Jeff Goldblum Settles In At ‘Grand Budapest Hotel’

By Steven Rea, The Philadelphia Inquirer

The beard. The mustache. The thick-rimmed glasses. There’s something about Jeff Goldblum’s look in “The Grand Budapest Hotel” that says Sigmund Freud, that says Luigi Pirandello.

“Yes, we had pictures of Freud and Pirandello,” reports Goldblum, who plays a lawyer — and the executor of a wealthy octogenarian’s estate — in Wes Anderson’s latest, a breakneck caper set in the 1930s in the fictitious middle European country of Zubrowka, in and around the elegant alpine environs of the titular hostelry.

This is the actor’s second collaboration with Anderson — he was Bill Murray’s nemesis in “The Life Aquatic With Steve Zissou” — and Goldblum’s role is pivotal. There’s Ralph Fiennes as a charming concierge who sleeps with his more seasoned, and moneyed, guests on one side. And Adrien Brody, the flamboyant and furious heir, and his henchman, played with sinister villainy by Willem Dafoe, on the other. And Goldblum’s Deputy Vilmos Kovacs, a prominent lawyer and friend of the deceased, in between, trying to do what’s right, and upright.

“It’s a heroic crossroads moment when I suspect that foul play has occurred with this woman that I loved and observed for many years,” says Goldblum, who had discussions — as actors do — with his director, trying to flesh out his character.

Anderson had set up a “research room” in the hotel in Görlitz, Germany, where the “Grand Budapest” cast and crew were staying: books about old hotels, clothing, and objects, “and then this stack of movies,” Goldblum says.

There was Ernst Lubitsch’s “The Shop Around the Corner” and “To Be or Not to Be,” and “Grand Hotel,” of course. “And things I hadn’t seen — ‘The Mortal Storm’ (a 1940 anti-Nazi film with Jimmy Stewart), and Ingmar Bergman’s ‘The Silence,’ a surreal story inside a big hotel. They were all springboards and inspirations for Wes, and they became so for us. The look of my character, and some of the musicality, came from all of that. It was a great learning experience.”

Goldblum, 61, has worked with some of the great directors of our time — Robert Altman (“Nashville,” “The Player”), Philip Kaufman (“The Right Stuff”), Steven Spielberg (“Jurassic Park”), David Cronenberg (“The Fly”). He says Anderson’s films, with their detailed tableaus, cross-section pans, and cross and deadpan characters, make for a different experience.

“Yeah, very different. I mean, it’s still acting, and I’ve worked with a lot of good people, creative in different ways, but … Wes has a unique sensibility, an aesthetic sensibility, and a way of pursuing it that’s very meticulous and, for me, enjoyable. I’d be a big fan of his movies whether I had ever met him or not.
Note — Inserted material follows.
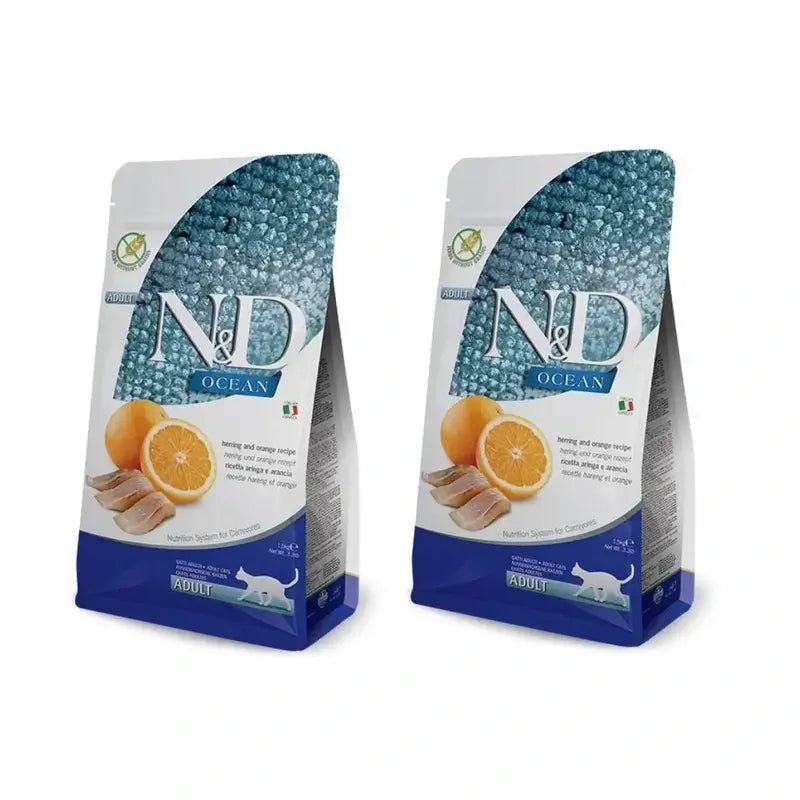 Farmina N&D Cat Ocean Herring 5Kg, Cat Food, Pack Of 2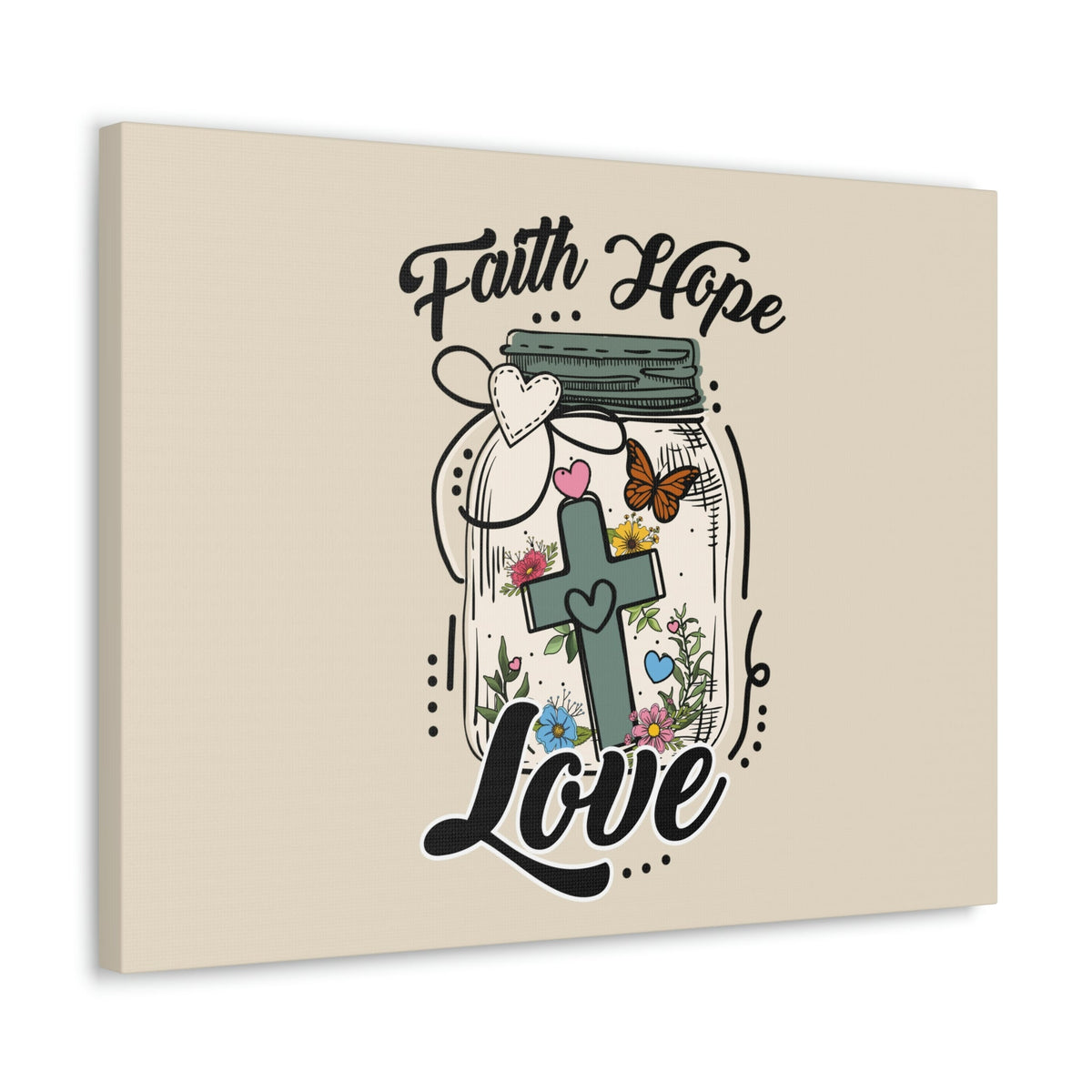 Scripture Walls Faith, Hope, Love Cross In A Jar 1 Corinthians 13:13 Bible Verse Canvas Christian Wall Art Ready to Hang Unframed-Express Your Love Gifts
“At the same time, he trusts actors, and loves them and gets wonderful actors to play with him and collaborate. He makes these whimsically theatrical characters and stories, but wants the actors to fill them in in a very naturalistic and truthful, honest, deep, and substantial way.

“The whole experience is particular and uncommon. Yeah, there’s nobody like him.”

Goldblum, on the phone from Los Angeles — his hometown, back after four months in New York doing Bruce Norris’ play “Domesticated” at Lincoln Center — is as busy as ever. He costars in “Le Week-End” opposite Jim Broadbent and Lindsay Duncan. He has a supporting role in the “P.G. Wodehouse-like” “Mortdecai,” with Johnny Depp, Gwyneth Paltrow and Ewan McGregor.

When he’s not working, Goldblum plays piano in a jazz ensemble every week in a club in the Los Feliz section of L.A.

As for his Deputy Kovacs, even if he’s a product of Anderson’s imagination, a voice of reason in a nutty, nonstop ensemble comedy, Goldblum says he thinks he found some relevance: “To consider what the political and moral ramifications are of what you’re doing, and how you want to live, and who you want to be, is always at issue,” he explains. “And in movies, and in stories, that is oftentimes part of the deal.”